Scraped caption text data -
☆ ☆ ☆ ☆ ☆ ☆ ☆

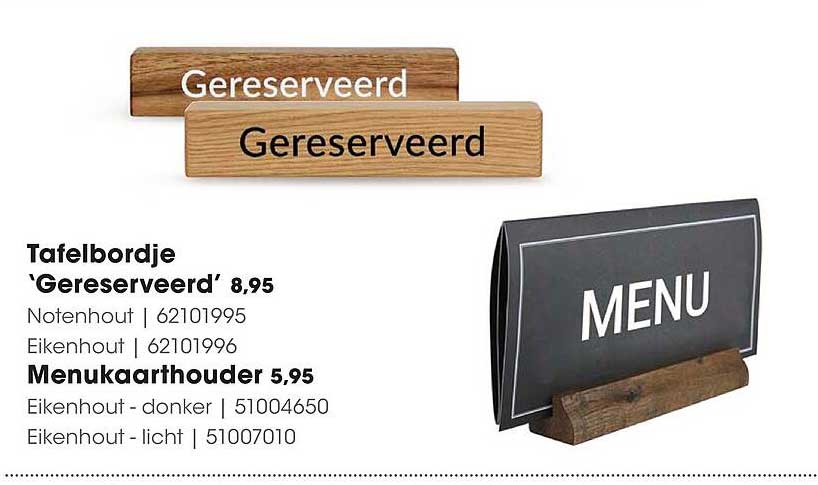 Tafelbordje 'Gereserveerd' 8,95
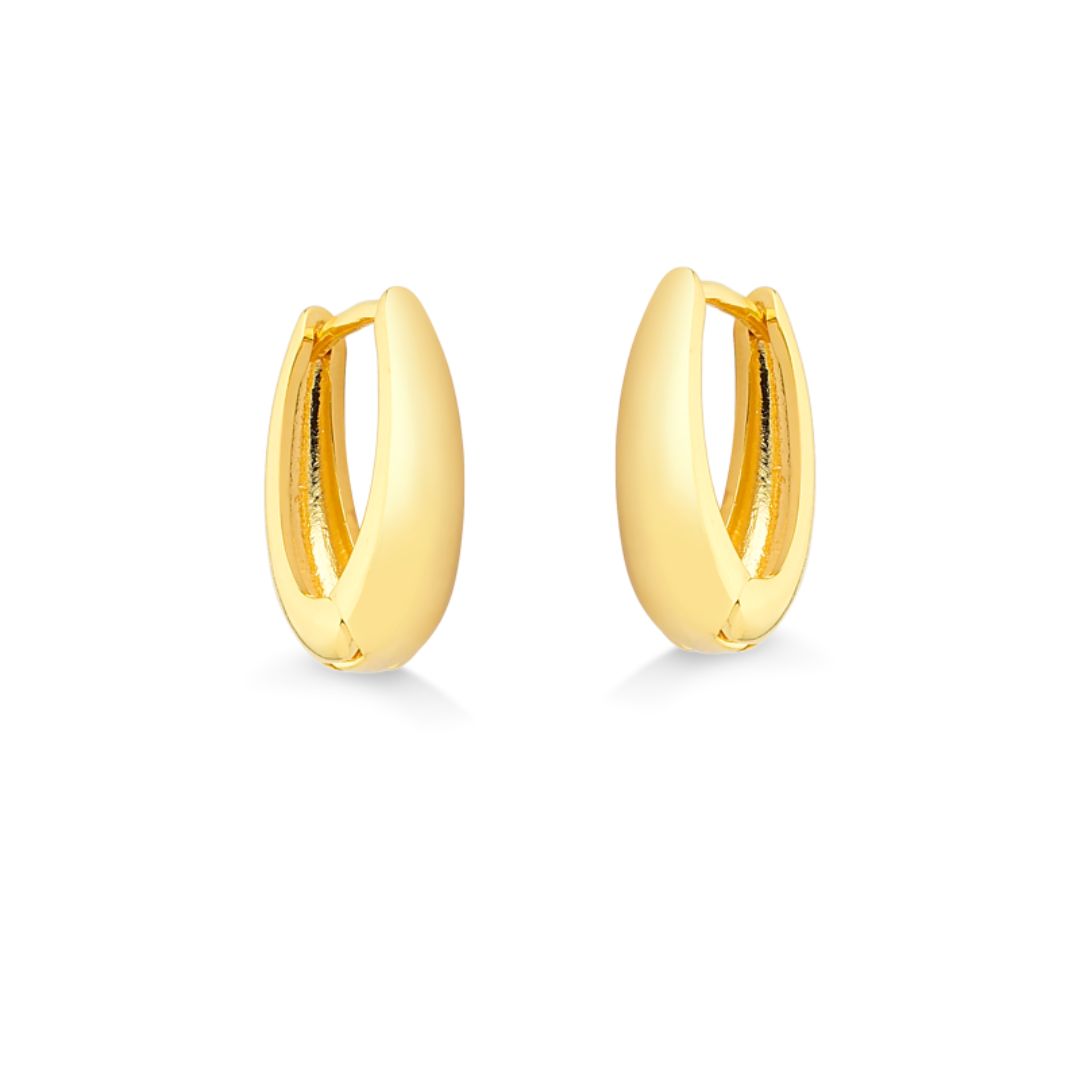 BRINCO DE ARGOLA OVAL FOLHEADA A OURO 18K
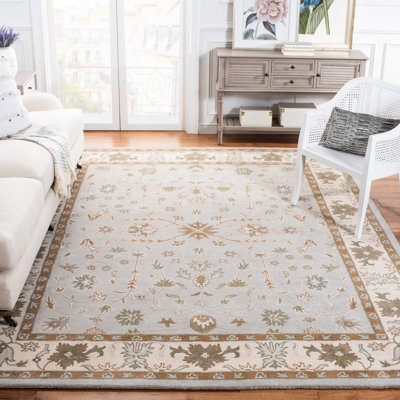 Tapis oriental vert / beige en laine touffeté à la main Tressler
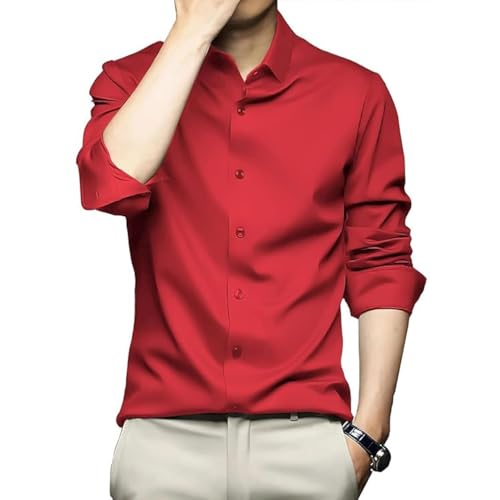 Image of DEELMO Men's Stylish Solid Satin Casual Shirt for Men Full Sleeves| Poly Satin Silk Shirt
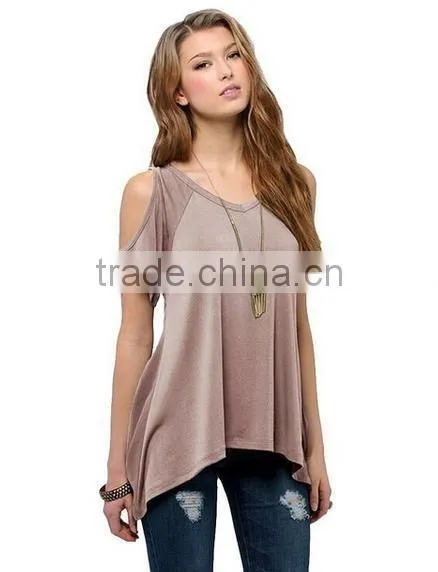 Hot selling womens Shoulder Off Wide Hem Design Top Shirts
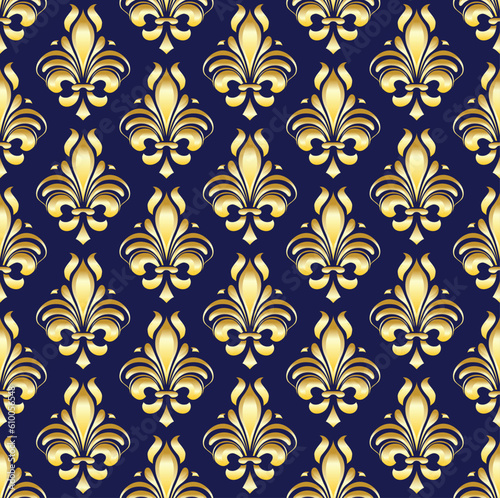 Seamless pattern with gold patterns on dark background. Vector illustration. 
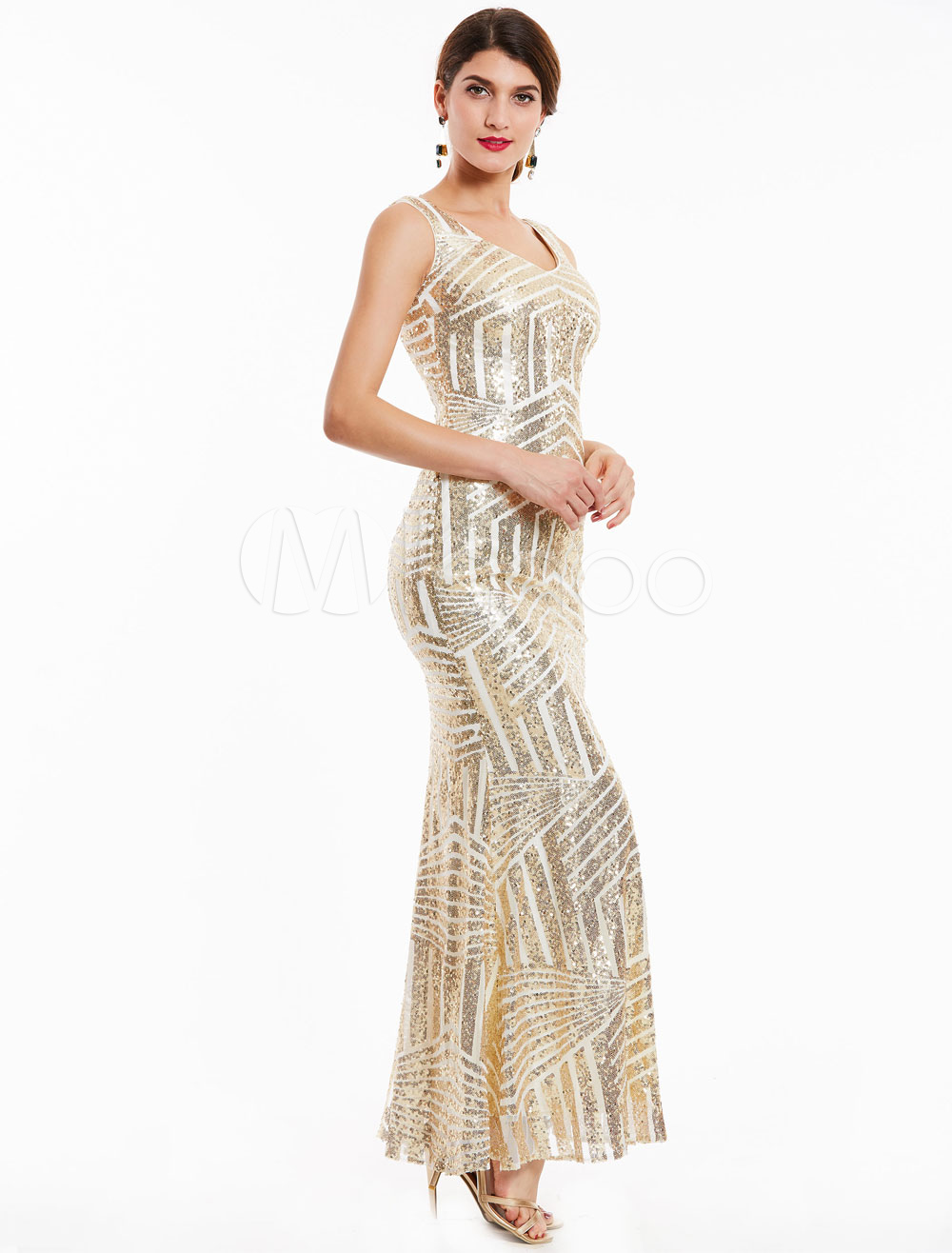 Sequin Evening Dresses Mermaid V Neck Backless Light Gold Formal ...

☆ ☆ ☆ ☆ ☆ ☆ ☆

Exercise requirements - An exact reproduction of the data above is required, with every picture removed.

Result of the exercise -
 Tafelbordje 'Gereserveerd' 8,95
 BRINCO DE ARGOLA OVAL FOLHEADA A OURO 18K
 Tapis oriental vert / beige en laine touffeté à la main Tressler
 Image of DEELMO Men's Stylish Solid Satin Casual Shirt for Men Full Sleeves| Poly Satin Silk Shirt
 Hot selling womens Shoulder Off Wide Hem Design Top Shirts
 Seamless pattern with gold patterns on dark background. Vector illustration. 
 Sequin Evening Dresses Mermaid V Neck Backless Light Gold Formal ...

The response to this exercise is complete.